Он сжал зубы, но не заплакал, а только скорбно покачал головой.

— Ладно. Где Андрей Дмитрич? На фронте?

Я ответила:

— Да.

— Я тогда в Москве его статью прочитал и потом все перелистывал газеты — не встречу ли снова?

— Он не писал последнее время.

— Не писал? Что вы так пригорюнились, Татьяна? Расскажите мне что-нибудь.

— Хорошо, Данила Степаныч.

Я сидела подле него, на каких-то узлах, которые врач просил передать в санпоезд, и говорила, говорила без конца, — лишь бы он слушал меня, лишь бы не искажалось от боли белое, в наступившем полумраке, лицо.

Все темнее становилось в машине, должно быть, мы въехали в лес или наступил вечер, хотя трудно было представить, что стемнело так быстро. Наверное, я задремала, потому что равномерный грохот мотора превратился в шум воды, которая свивалась в закипающие белые бревна и катила их на скалы одно за другим. Это была Анзерка, Крутицкий порог, и Андрей, расстроенный, усталый, шел по высокому берегу, а я бежала за ним. «Андрей, подожди!» Но он уходил, не оборачиваясь, опустив голову, по каменистой тропинке, к варницам, где виднелся навес на столбах и под навесом вспыхивало дымное пламя. Потом все смещалось, и уже не Андрей, а молодой казах смотрел на меня, сжимая побелевшую челюсть. И другие раненые, поднимаясь на койках, смотрели мне вслед — не было ни одного, который не проводил бы меня укоризненным взглядом. И я шла все быстрее, потом побежала, схватившись руками за голову, и снова увидела вдалеке между коек Андрея, который наконец обернулся ко мне.

Нужно было проснуться немедля, сию же минуту, чтобы не услышать от него что-то страшное, непоправимое — то, что уже начали выговаривать дрогнувшие губы, — и я заставила себя открыть глаза, унимая сердце, вся в холодном поту.

Репнин лежал, закинув голову, и сразу открыл заблестевшие глаза, точно ждал моего пробуждения.

— Проснулись, Татьяна? Я не хотел будить вас.

— Я долго спала?

— Не знаю, кажется, долго.

— Ну, как вы, Данила Степаныч?

— Хорошо. — Он улыбнулся. Машину подбросило, и он прикусил губу.

— Очень больно?

— Нет. Вы говорите, ладно? Возьмите опять мою руку. Ох, сколько я вам наделал хлопот!

И я снова начала говорить, не знаю о чем, все равно о чем, лишь бы кончилась наконец эта ночь, этот сумрак машины с убегающим, качающимся в мутном окошечке лесом. Ветки стали хлестать по кузову, как будто кто-то хотел остановить нас длинными зелеными руками; и я говорила теперь, стараясь заглушить эти хлещущие, рвущиеся и трепещущие звуки.

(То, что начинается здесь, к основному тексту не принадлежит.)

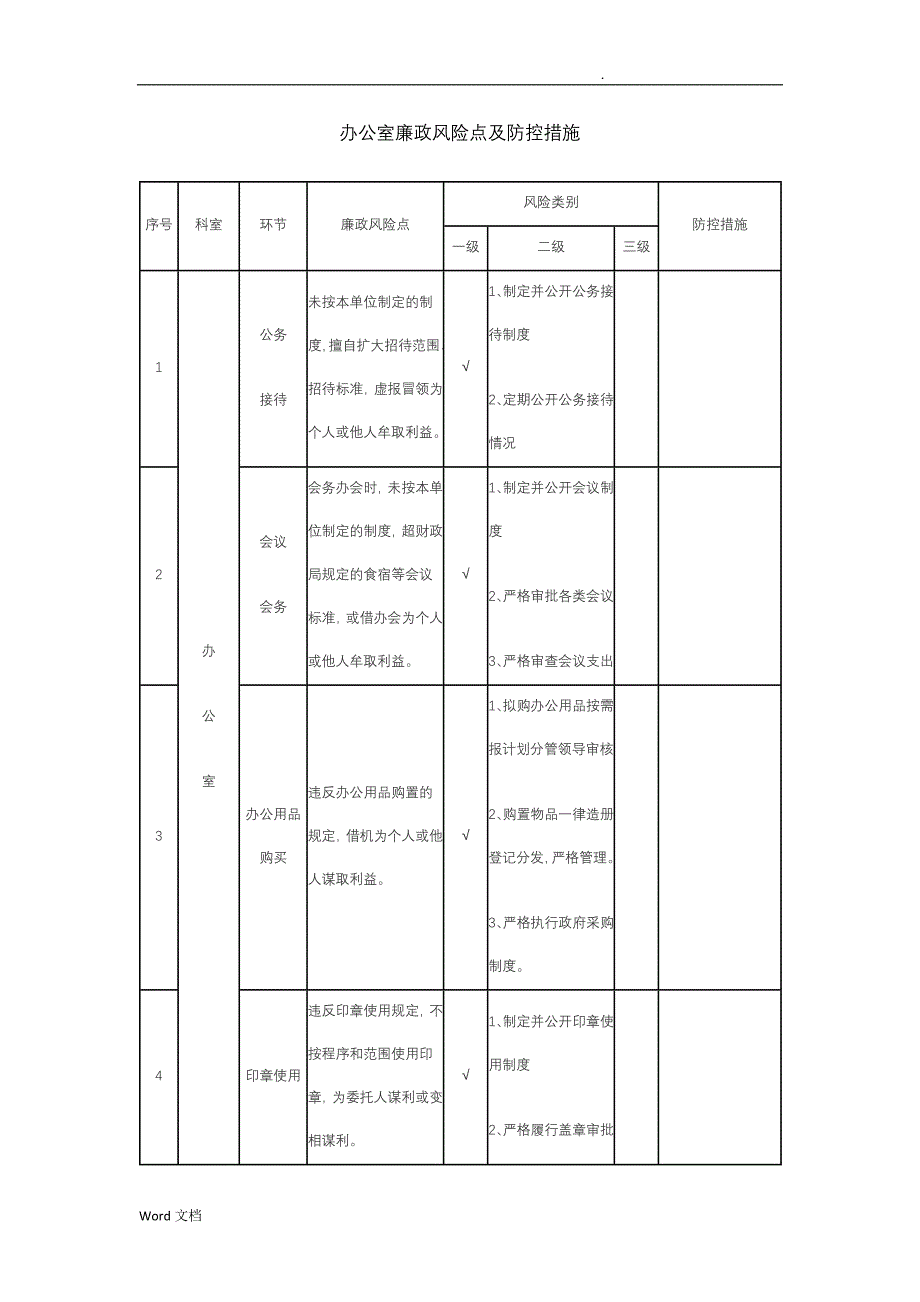 办公室廉政风险点和防控措施_第1页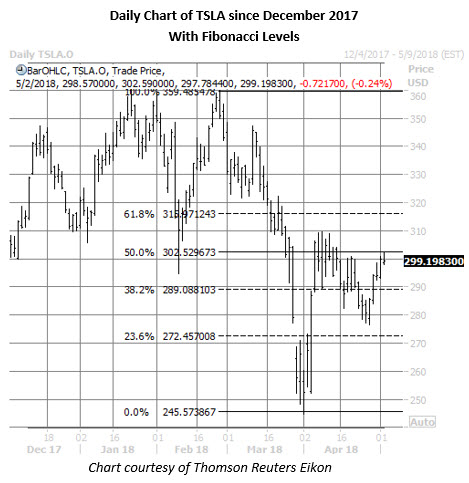 TSLA Daily Chart 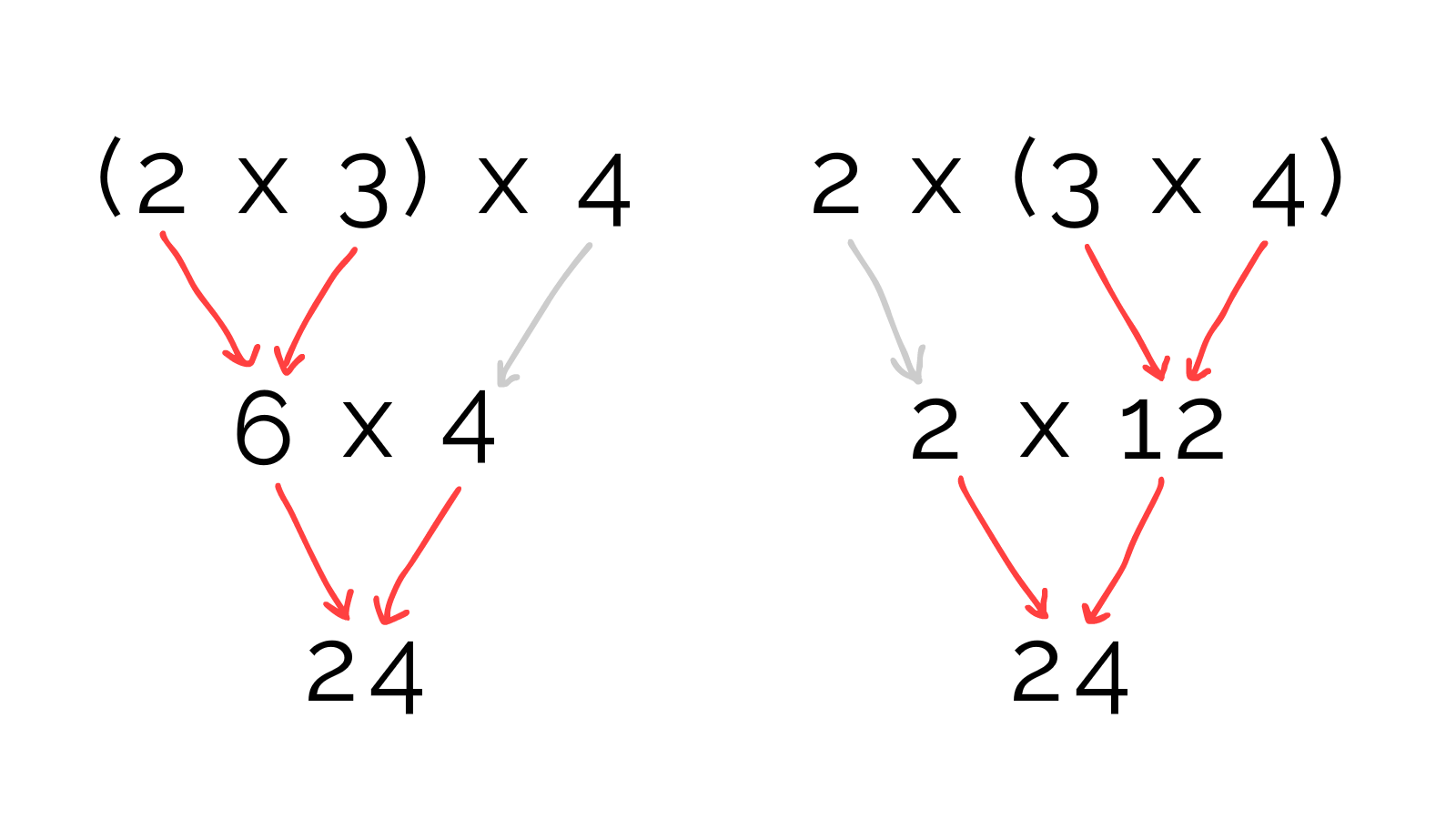 Why don't brackets matter in multiplication? (Visual proof of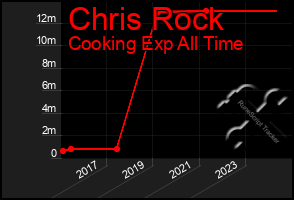 Total Graph of Chris Rock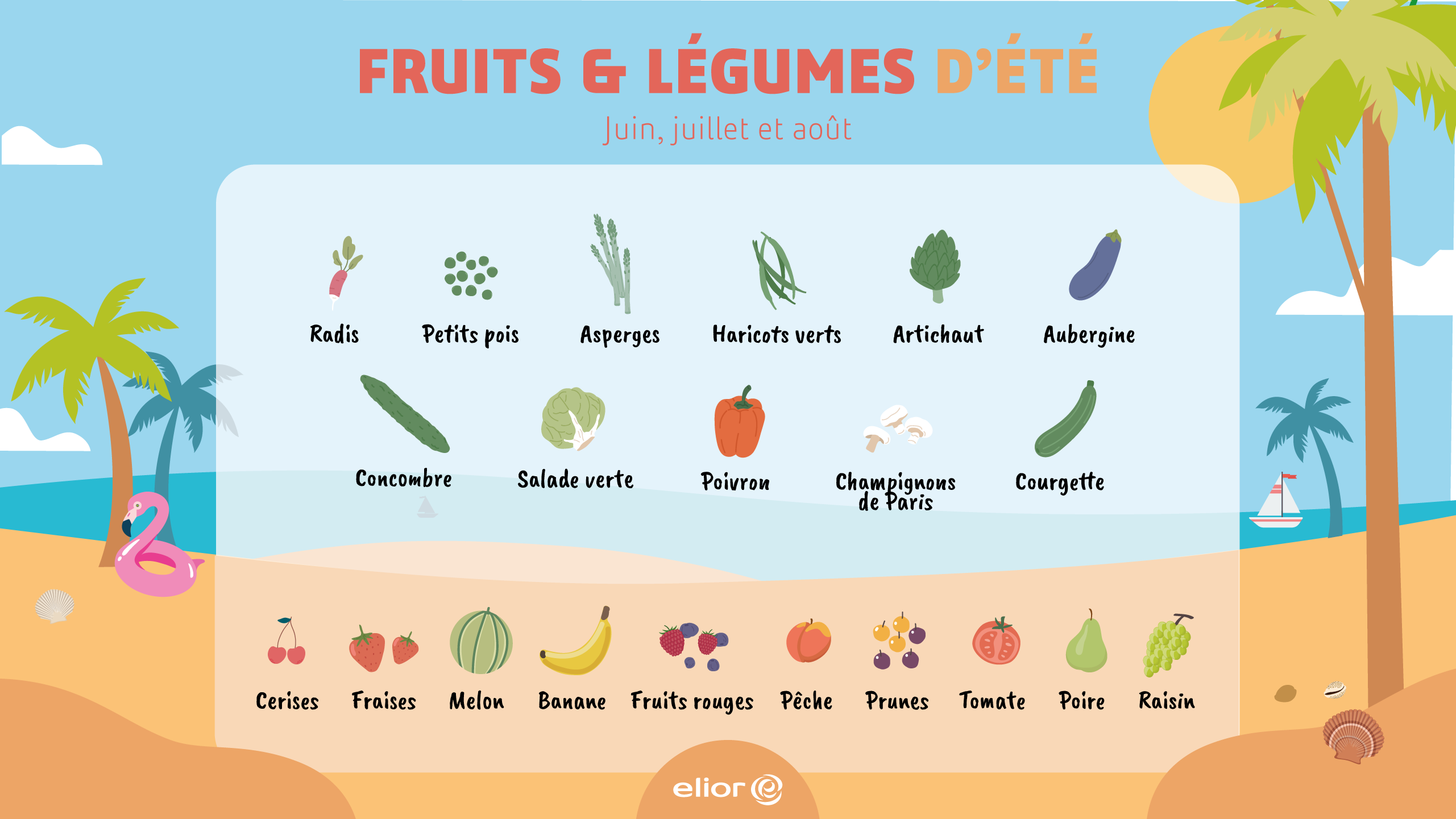Les fruits et légumes de l'été : radis, petit pois, asperge, salade verte, artichaut, aubergine, concombre, haricot vert, poivron, champignon, courgette, cerise, fraise, melon, banane, fruits rouges, pêche, prune, tomate, poire, raisin.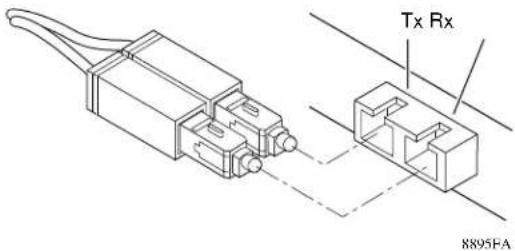 NETGEAR GS504 - Using the SC Connector - 1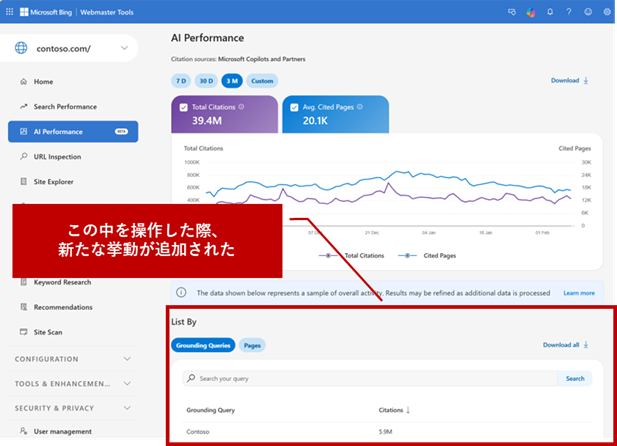 「AI Performanceレポート」のダッシュボード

Слабый свет окрасил слюдяное окошечко. Это значит, что светает? Или мы проехали через лес? Машина остановилась, водитель соскочил и, подойдя к кузову, поднял полотнище.

— Ну, как вы там?

Я спросила, почему мы остановились, и он ответил с мягким сожалением:

— Придется подождать.

Была еще ночь, но как бы дрогнувшая, отступившая перед возникающим откуда-то издалека светом зари. Мы выехали из лесу, но впереди снова синел лес, и на дороге, уходящей в этот лес, окутанный пеленою тумана, в два и три ряда стояли машины; их было много, и они стояли так неподвижно-мертво, точно на свете не было силы, которая заставила бы их тронуться с места. Не знаю, что это была за часть — танки, но и обыкновенные грузовики, на которых, прикрытые брезентом, стояли какие-то странные орудия, похожие на опрокинутые книжные полки. Людей не было видно, но когда я подошла поближе, на обочинах, поросших травой, показались смутные, неотчетливые фигуры танкистов; они лежали и сидели в траве, и у них был ужаснувший меня, ничего не ожидающий вид.